=== Section Start ===

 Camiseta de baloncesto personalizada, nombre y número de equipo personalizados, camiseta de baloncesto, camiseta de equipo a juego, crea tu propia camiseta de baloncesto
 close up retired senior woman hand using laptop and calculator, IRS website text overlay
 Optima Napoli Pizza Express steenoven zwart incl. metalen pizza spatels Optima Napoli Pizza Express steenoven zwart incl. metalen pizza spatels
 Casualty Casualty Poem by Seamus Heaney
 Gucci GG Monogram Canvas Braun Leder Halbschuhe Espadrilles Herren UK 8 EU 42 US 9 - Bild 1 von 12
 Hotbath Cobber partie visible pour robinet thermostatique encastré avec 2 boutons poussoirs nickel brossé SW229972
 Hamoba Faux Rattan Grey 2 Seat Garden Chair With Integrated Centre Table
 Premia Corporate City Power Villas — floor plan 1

=== Section End ===
=== Section Start ===

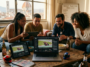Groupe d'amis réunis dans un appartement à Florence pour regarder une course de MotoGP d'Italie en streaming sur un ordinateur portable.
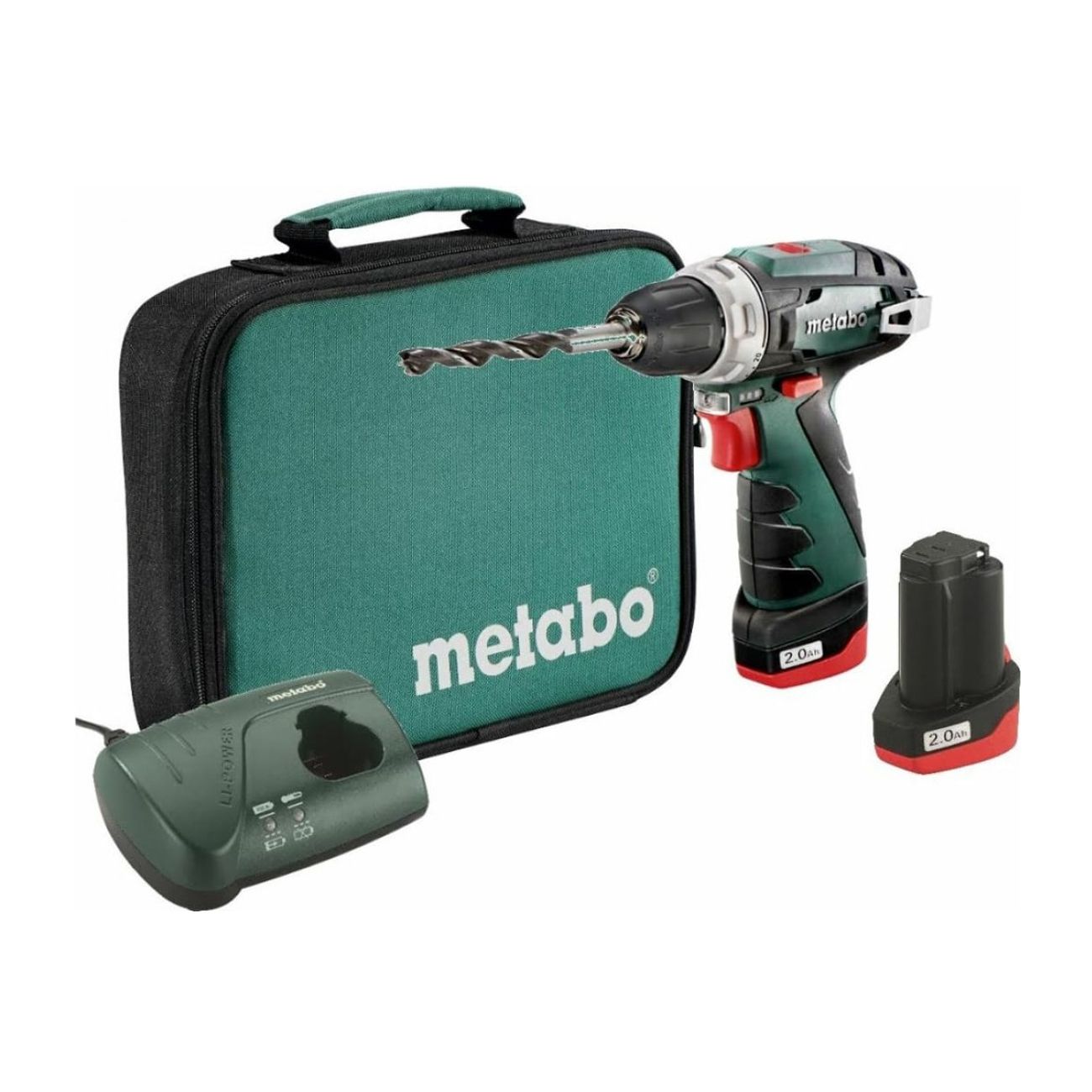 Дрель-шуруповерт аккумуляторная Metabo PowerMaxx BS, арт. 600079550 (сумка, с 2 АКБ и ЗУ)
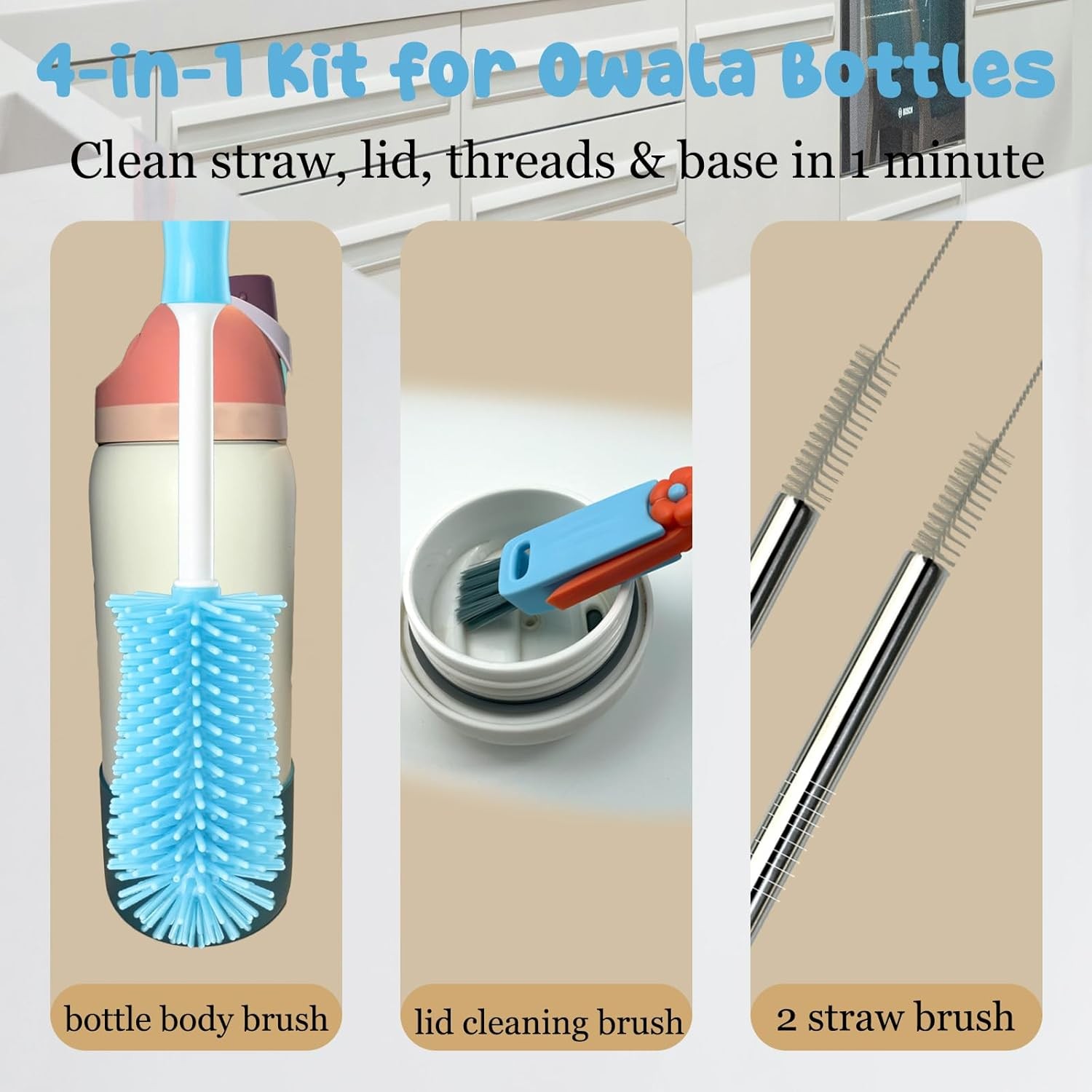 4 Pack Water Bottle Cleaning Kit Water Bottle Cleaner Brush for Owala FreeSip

=== Section End ===

Problem to work on
Beginning with the line containing "Camiseta de baloncesto personalizada, nombre" and ending with the line containing "Premia Corporate City", extract those lines exactly from the listing above, and only those.

Answer box
 Camiseta de baloncesto personalizada, nombre y número de equipo personalizados, camiseta de baloncesto, camiseta de equipo a juego, crea tu propia camiseta de baloncesto
 close up retired senior woman hand using laptop and calculator, IRS website text overlay
 Optima Napoli Pizza Express steenoven zwart incl. metalen pizza spatels Optima Napoli Pizza Express steenoven zwart incl. metalen pizza spatels
 Casualty Casualty Poem by Seamus Heaney
 Gucci GG Monogram Canvas Braun Leder Halbschuhe Espadrilles Herren UK 8 EU 42 US 9 - Bild 1 von 12
 Hotbath Cobber partie visible pour robinet thermostatique encastré avec 2 boutons poussoirs nickel brossé SW229972
 Hamoba Faux Rattan Grey 2 Seat Garden Chair With Integrated Centre Table
 Premia Corporate City Power Villas — floor plan 1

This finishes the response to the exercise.